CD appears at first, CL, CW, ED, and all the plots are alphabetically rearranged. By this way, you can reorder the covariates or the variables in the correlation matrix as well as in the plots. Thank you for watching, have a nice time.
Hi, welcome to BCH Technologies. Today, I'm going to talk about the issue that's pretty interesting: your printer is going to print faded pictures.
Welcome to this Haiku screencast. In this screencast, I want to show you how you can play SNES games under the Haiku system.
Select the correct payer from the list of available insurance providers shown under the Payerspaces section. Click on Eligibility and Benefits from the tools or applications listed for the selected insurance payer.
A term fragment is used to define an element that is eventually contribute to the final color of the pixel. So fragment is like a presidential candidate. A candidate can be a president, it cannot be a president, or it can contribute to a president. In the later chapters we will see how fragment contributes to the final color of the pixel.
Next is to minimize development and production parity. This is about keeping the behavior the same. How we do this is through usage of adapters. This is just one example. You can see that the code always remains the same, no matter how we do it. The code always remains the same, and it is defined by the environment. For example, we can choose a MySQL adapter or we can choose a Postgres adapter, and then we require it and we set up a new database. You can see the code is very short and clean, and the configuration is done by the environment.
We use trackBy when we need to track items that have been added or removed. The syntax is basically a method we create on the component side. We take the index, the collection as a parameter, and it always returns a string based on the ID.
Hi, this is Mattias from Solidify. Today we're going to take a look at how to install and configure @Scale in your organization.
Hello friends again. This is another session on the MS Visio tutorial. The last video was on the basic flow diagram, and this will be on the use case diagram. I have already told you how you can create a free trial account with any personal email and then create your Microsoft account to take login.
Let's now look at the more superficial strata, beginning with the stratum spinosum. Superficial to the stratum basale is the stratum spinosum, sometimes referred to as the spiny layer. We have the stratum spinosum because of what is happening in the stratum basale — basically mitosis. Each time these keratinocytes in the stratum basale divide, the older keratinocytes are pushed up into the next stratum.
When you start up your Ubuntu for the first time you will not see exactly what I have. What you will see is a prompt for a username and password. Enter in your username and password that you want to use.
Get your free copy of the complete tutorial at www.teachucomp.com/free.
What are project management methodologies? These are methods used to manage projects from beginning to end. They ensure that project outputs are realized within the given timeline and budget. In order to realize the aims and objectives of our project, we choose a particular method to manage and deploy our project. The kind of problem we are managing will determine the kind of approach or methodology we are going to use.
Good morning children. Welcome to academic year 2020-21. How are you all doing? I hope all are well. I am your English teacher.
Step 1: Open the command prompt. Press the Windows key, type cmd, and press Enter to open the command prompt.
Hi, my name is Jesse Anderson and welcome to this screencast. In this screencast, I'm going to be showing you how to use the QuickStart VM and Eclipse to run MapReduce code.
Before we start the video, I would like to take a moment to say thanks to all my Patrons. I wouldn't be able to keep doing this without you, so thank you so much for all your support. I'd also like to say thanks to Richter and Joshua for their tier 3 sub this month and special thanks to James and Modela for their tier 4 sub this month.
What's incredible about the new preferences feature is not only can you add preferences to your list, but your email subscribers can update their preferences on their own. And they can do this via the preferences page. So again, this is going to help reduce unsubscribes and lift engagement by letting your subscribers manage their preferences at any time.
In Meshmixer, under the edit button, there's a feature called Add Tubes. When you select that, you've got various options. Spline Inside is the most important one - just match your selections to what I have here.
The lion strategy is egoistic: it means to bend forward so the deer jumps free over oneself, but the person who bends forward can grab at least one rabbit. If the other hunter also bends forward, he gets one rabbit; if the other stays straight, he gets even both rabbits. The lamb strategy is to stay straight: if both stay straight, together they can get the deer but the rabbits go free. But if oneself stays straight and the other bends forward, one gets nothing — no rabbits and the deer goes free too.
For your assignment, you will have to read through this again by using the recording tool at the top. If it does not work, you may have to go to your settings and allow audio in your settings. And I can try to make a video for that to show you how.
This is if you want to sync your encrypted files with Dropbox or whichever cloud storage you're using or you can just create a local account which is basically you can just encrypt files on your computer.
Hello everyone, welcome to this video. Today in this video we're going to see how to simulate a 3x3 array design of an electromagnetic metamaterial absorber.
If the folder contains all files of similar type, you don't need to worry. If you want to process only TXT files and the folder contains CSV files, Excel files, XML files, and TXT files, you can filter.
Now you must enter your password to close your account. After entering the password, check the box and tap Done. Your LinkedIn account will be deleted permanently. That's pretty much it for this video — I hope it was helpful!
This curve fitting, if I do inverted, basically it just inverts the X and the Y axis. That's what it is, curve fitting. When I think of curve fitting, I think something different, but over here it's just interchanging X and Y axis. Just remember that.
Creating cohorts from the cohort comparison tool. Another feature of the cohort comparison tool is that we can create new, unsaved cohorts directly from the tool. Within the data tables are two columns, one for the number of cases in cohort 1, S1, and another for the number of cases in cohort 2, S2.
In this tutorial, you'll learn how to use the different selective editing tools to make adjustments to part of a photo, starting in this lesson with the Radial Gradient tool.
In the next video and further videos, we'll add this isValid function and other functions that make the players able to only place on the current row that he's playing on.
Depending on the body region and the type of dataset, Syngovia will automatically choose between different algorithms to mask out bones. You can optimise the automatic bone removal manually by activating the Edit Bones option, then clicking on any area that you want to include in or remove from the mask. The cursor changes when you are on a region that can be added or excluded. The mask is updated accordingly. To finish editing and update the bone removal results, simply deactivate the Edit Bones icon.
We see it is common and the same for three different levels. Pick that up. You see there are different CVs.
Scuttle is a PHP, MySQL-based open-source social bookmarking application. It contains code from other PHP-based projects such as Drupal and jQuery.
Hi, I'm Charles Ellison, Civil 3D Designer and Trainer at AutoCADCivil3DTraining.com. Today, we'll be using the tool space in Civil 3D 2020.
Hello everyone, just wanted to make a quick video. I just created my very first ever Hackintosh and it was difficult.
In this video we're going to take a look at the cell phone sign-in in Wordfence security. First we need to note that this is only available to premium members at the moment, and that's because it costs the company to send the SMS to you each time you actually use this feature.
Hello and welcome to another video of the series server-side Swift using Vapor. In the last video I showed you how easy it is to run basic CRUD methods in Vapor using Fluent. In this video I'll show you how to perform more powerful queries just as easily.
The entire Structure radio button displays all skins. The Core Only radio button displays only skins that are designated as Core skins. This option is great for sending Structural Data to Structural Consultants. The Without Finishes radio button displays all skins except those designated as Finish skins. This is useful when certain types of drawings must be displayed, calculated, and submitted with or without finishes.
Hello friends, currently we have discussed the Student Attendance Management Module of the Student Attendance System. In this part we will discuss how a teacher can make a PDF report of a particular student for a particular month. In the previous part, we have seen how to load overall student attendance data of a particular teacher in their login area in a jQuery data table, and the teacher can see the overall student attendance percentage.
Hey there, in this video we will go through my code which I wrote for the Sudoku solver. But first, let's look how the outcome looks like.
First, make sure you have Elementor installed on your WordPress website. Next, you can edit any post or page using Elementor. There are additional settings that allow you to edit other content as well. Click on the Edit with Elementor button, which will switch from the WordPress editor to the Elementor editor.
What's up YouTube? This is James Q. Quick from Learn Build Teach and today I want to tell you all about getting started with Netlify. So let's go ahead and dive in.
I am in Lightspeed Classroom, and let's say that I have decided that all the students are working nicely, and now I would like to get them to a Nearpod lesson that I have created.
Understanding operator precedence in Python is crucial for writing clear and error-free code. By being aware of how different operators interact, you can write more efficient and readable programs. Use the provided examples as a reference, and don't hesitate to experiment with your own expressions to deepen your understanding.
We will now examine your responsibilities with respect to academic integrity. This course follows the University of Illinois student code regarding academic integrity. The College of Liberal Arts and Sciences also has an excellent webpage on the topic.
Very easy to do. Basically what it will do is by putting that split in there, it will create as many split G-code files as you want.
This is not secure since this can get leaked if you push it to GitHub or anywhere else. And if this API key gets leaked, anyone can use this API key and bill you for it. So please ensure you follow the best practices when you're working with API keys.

################

> _EXERCISE OBJECTIVE_
In the listing above, the lines from the one containing "Creating cohorts from" through the one containing "Hello everyone, just" must be set down exactly, with no other lines.

> _EXERCISE OUTPUT_
Creating cohorts from the cohort comparison tool. Another feature of the cohort comparison tool is that we can create new, unsaved cohorts directly from the tool. Within the data tables are two columns, one for the number of cases in cohort 1, S1, and another for the number of cases in cohort 2, S2.
In this tutorial, you'll learn how to use the different selective editing tools to make adjustments to part of a photo, starting in this lesson with the Radial Gradient tool.
In the next video and further videos, we'll add this isValid function and other functions that make the players able to only place on the current row that he's playing on.
Depending on the body region and the type of dataset, Syngovia will automatically choose between different algorithms to mask out bones. You can optimise the automatic bone removal manually by activating the Edit Bones option, then clicking on any area that you want to include in or remove from the mask. The cursor changes when you are on a region that can be added or excluded. The mask is updated accordingly. To finish editing and update the bone removal results, simply deactivate the Edit Bones icon.
We see it is common and the same for three different levels. Pick that up. You see there are different CVs.
Scuttle is a PHP, MySQL-based open-source social bookmarking application. It contains code from other PHP-based projects such as Drupal and jQuery.
Hi, I'm Charles Ellison, Civil 3D Designer and Trainer at AutoCADCivil3DTraining.com. Today, we'll be using the tool space in Civil 3D 2020.
Hello everyone, just wanted to make a quick video. I just created my very first ever Hackintosh and it was difficult.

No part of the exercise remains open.